This experiment reproduces an issue of writing logs to AWS CloudWatch from AWS Lambda written in Go.
In small number of cases the last log written from the lambda will not be saved to CloudWatch. In all observed occurrence of the issue the request which exhibits the faulty behavior is the last one written in CloudWatch stream.
The simple lambda writes a log in JSON format which contains AWS request ID and message begin.
Then it sleeps for 10 to 600 miliseconds.
After which it again writes to log in JSON format which contains AWS request ID and message end.
Sometimes the second log (one with message end) will not be written to CloudWatch.
We offer the following data as proof:
- 2019-12-09:
- Analysis records which lists number of request logs analyzed and list of the ones which have a missing pair.
- Complete CloudWatch streams for bad occurrences:
- Request c76d6233-7b64-489a-bc28-7f26a09446e6 stream c7116d03d8cd480e9139328dfe28a7ee
- Request 83445a2c-f381-4f38-9091-c16cbf1eda33 stream a68cf9e178884125b5b38b5ee81b0f14
- Request 728cae3b-6b12-41f9-a6eb-ed99b92d50b1 stream 01d9127a46934a5f806f4403fda64ffc
- Request e075102a-f773-484f-9ed3-f05026080b59 stream 9f192e37e3a14aed966ed4a5e1cc7288
- Request 06058d99-3be3-4a1e-afda-e2c466050a75 stream 0385626bb44c4e3a8558a5ad5f4dff64
- Complete CloudWatch log group
- 2019-12-20:
- Analysis records which lists number of request logs analyzed and list of the ones which have a missing pair.
- Complete CloudWatch streams for bad occurrences:
- Complete CloudWatch log group
Please install Go and Terraform before proceeding.
Run make install to compile lambda.go binary and provision the infrastructure.
Run make run to run experiment.

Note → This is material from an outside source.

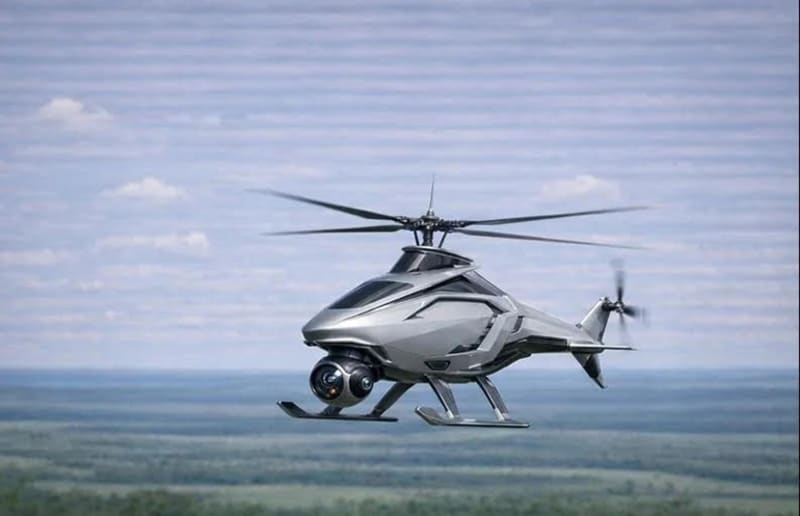 Compact ANELLO Aerial INS navigation system chip next to drone, showing innovative miniaturized optical gyroscope technology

The experiment will invoke the lambda with invocation type Event 600 times in 600 concurrent executions waiting 5 to 6 seconds between doing request (each of indviidual 600 concurrent executions).
Wait an ~hour for any delayed CloudWatch logs to be written (known problem).
Run make analyze to analyze logs. The output will contain number of request logs analyzed, how many are missing and AWS Request IDs of missing ones.
Use CloudWatch console or AWS CLI to analyze the issue.
For clean up run make uninstall to tear-down provision infrastructure, note this will also delete the CloudWatch group with the data.